By ALEX KENNEDY / AP WRITER
SINGAPORE — Oil slipped below US $52 a barrel Friday in Asia after surging overnight on investor optimism crude demand will soon rebound if the US recession has bottomed.
Benchmark crude for May delivery fell 72 cents to $51.92 a barrel by midday in Singapore in electronic trading on the New York Mercantile Exchange. The contract rose $4.25 on Thursday to settle at $52.64.
Oil prices have bolted from below $35 a barrel six weeks ago, riding a wave of improving investor sentiment that the worst of the US recession may be over.

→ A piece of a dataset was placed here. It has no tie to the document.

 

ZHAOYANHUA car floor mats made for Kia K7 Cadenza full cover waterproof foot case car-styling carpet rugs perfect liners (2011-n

Crude prices have mirrored a surge in stock markets, with the Dow Jones industrial average up more than 20 percent during the last month.
“At this point, it’s more momentum than fundamentals,” said Gerard Rigby, energy analyst with Fuel First Consulting in Sydney. “People are expecting oil to jump over the next 12 to 24 months.”

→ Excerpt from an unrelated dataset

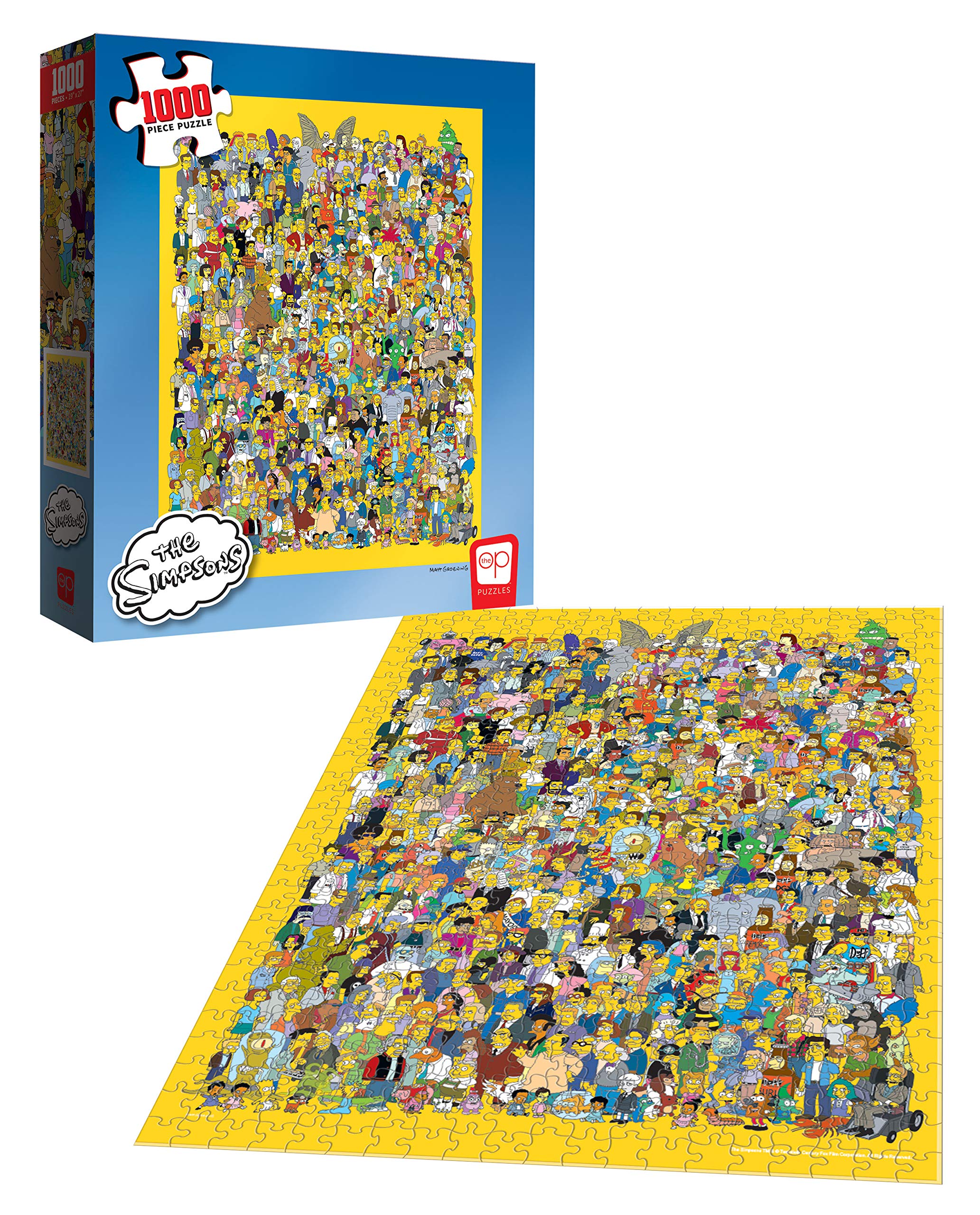The Simpsons - Cast of Thousands (1000 PC Puzzle)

Investors brushed off evidence this week that US crude inventories are at a 16-year high.
Crude inventories grew by 2.8 million barrels, or 0.8 percent, for the week ended March 27, the Energy Department’s Energy Information Administration said in its weekly report on Wednesday. Oil stockpiles have not been this high since July 1993 and are 15.5 percent above levels one year ago.
Investors will be closely watching the US jobs report for March, which is scheduled to be released later Friday. Economists predict the report will show a loss of 654,000 jobs following a drop of 651,000 jobs in February, which was a record third straight month of job losses above 600,000. The unemployment rate is expected to rise to 8.5 percent from 8.1 percent in February.
“If the unemployment rate in the US goes up a lot, it would definitely put the brakes on the recent price increase,” Rigby said.
In other Nymex trading, gasoline for May delivery fell 1.98 cents to $1.45 a gallon and heating oil slipped 1.55 cents to $1.42 a gallon.
Natural gas for May delivery rose 2.3 cents to $3.81 per 1,000 cubic feet.
In London, Brent prices rose 60 cents to $52.15 a barrel on the ICE Futures exchange.